L’activité dans les forêts sous-marines du Pacifique longeant la côte chilienne connaissait enfin une nouvelle impulsion. L’arrivée d’énormes quantités d’eaux glaciales provoqua des soubresauts de grande envergure, un formidable élan secoua l’épaisse jungle d’algues longues de plusieurs mètres. Les “tiges” qui ondulaient mollement furent ballottées par la puissance du courant, comme emportées dans une tempête tropicale. Parfois, quand certaines pliaient, leurs fines “feuilles” plates et longilignes s’entremêlaient dans une confusion de vert et d’ocre. En se relevant ou en basculant dans la direction opposée, elles produisaient une forte pluie de particules multicolores de différentes tailles au cœur de l’océan, des projections tous azimuts, des poussières d’éléments organiques qui jaillissaient vers le haut avant de retomber lentement, presque en apesanteur. Des bulles d’air se formaient, beaucoup explosaient en silence en remontant. De nombreux organismes microscopiques se détachaient de l’extrémité des plantes qui ondoyaient dans le courant, disséminant de la nourriture en abondance : la promesse d’un festin pour les différentes espèces de zooplancton.
Parmi les micro-végétaux éparpillés dans la vaste et dense forêt sous-marine sous l’effet de la lame surgie des abysses, pullulaient les diatomées. Des composants du phytoplancton cylindriques de moins d’un millimètre aux étonnantes couleurs de pierres précieuses. Dans la tourmente qui avait aspiré Héliosphéra non loin de là, une dizaine de diatomées essayaient désespérément d’entamer leur processus de connexion pour mieux résister aux éventuels prédateurs. Aimantées les unes par les autres, elles frétillaient tout en s’attirant mutuellement pour former une chaîne. Pour se protéger des assaillants qui fourmillaient depuis le regain de dynamisme, ces algues aux airs de bijoux qui décoraient les mers depuis des temps immémoriaux s’empressaient de s’agréger en colonies ressemblant à des chaînes molles, sortes de colliers bariolés. Mais les remous des flots tumultueux firent échouer la plupart des tentatives de connexion. Les rares qui y parvinrent ne réussirent pas à solidifier leurs attaches, toutes se délièrent, rendant chaque individu plus vulnérable. Elles étaient exposées sans secours aux multiples dangers de l’océan. Les plantes minuscules se retrouvèrent aux abois, privées de la force dissuasive du groupe, jetées en pâture aux nombreux prédateurs tels les anchois, les sardines ou les redoutables colonies de Peridinium.
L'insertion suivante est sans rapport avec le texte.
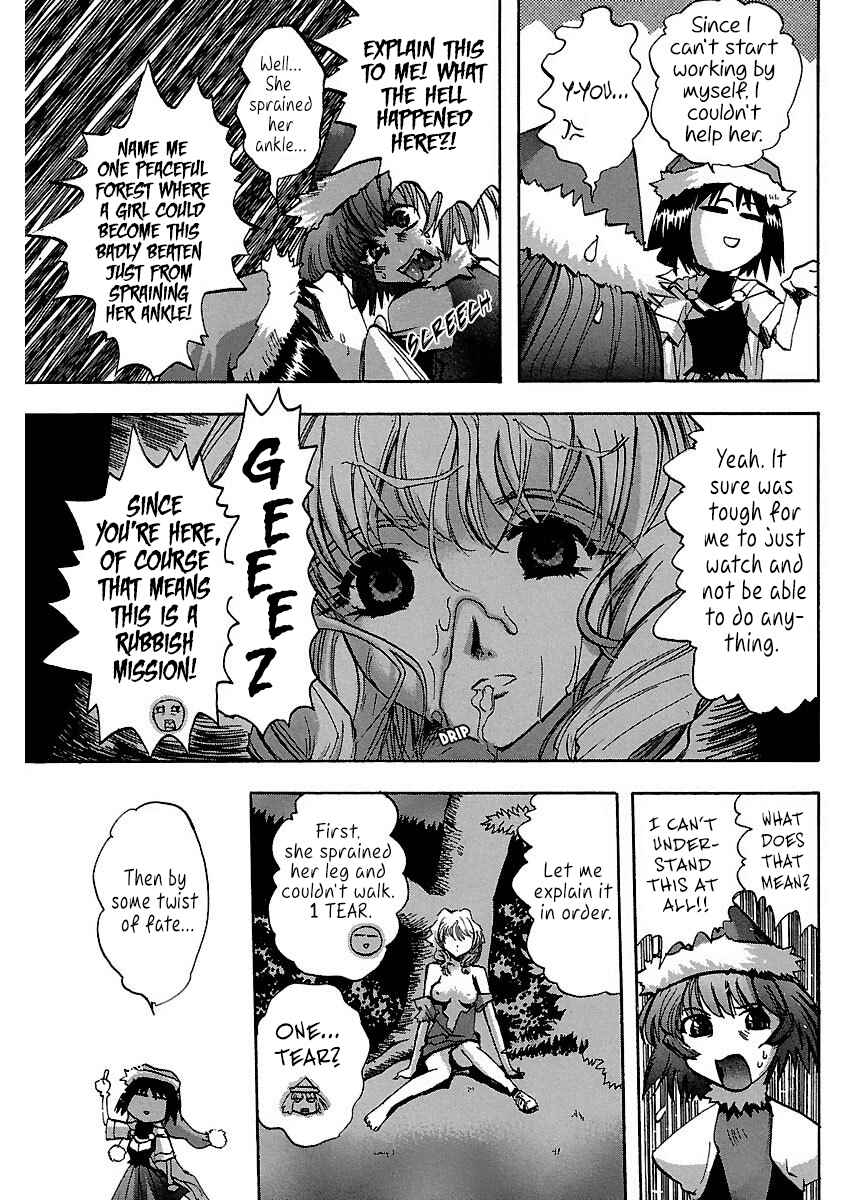 Page 7 Chapter 10 Holy Brownie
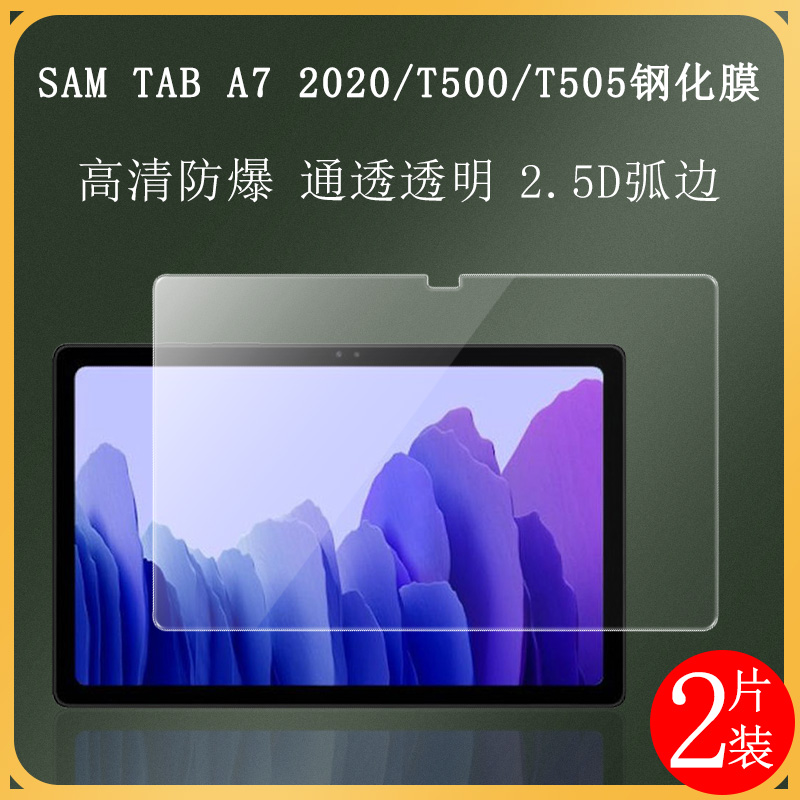 适用于2020新款Samsung Galaxy Tab A7 SM-T500保护套平板电脑10.4英寸T505/T507休眠皮套防摔支架送钢化贴膜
Ces micro-animaux très voraces, armés de plaques d’un matériau dense et d’un filet pour digérer leurs proies, avaient retrouvé de l’allant et s’agitaient, décidés qu’ils étaient à ne pas rater l’occasion de se nourrir après les temps de pénurie. Souvent havre de paix, l’habitat naturel des diatomées s’était transformé en fosse aux horreurs ; seul leur nombre immensément important pouvait les sauver du désastre de l’extermination.
Un banc de krill formant un large cercle au-dessus d’elles en repéra suffisamment qui flottaient dans leur direction. Leur convoitise attisée, ces minuscules crevettes en quête de nourriture se préparèrent et la chasse débuta. Elles modifièrent en même temps leur trajectoire et s’abattirent sur les diatomées isolées qui, malgré la dureté de leur coquille cristalline, ne résistèrent pas longtemps aux attaques de la horde d’agresseurs qui s’empressèrent de les avaler en filtrant l’eau dans laquelle elles baignaient. Pour échapper à leurs bourreaux, certaines diatomées réussirent, dans un dernier sursaut, à colorer la forêt sous-marine de pigments orange, violets ou roses qui désorientèrent le krill – elles trouvèrent ainsi un peu de répit.
De son côté, après avoir été absorbée par le tourbillon des masses d’eau venues des profondeurs, Héliosphéra avait été propulsée à grande vitesse vers le sommet de la colonne d’eau. Contrainte de s’accorder comme elle pouvait au mouvement qui la rapprochait de la surface, la fragile demoiselle sphérique avait tourné sur elle-même à la manière d’une toupie, progressant au hasard en un ballet gracieux de dentelles organiques immaculées, avant de se stabiliser dans la canopée au milieu du foisonnement de nutriments. Enfin, elle s’égara dans le bouquet de couleurs vives engendré par les diatomées. Héliosphéra, comme saisie de faibles convulsions, s’illumina d’une intense lueur bleu argent et, très repérable, scintilla dangereusement sur la trajectoire du krill. Pris dans la frénésie de leur festin, les petits crustacés étaient déterminés à capturer jusqu’à la dernière de leurs proies et à se nourrir de tout organisme qui croiserait leur route.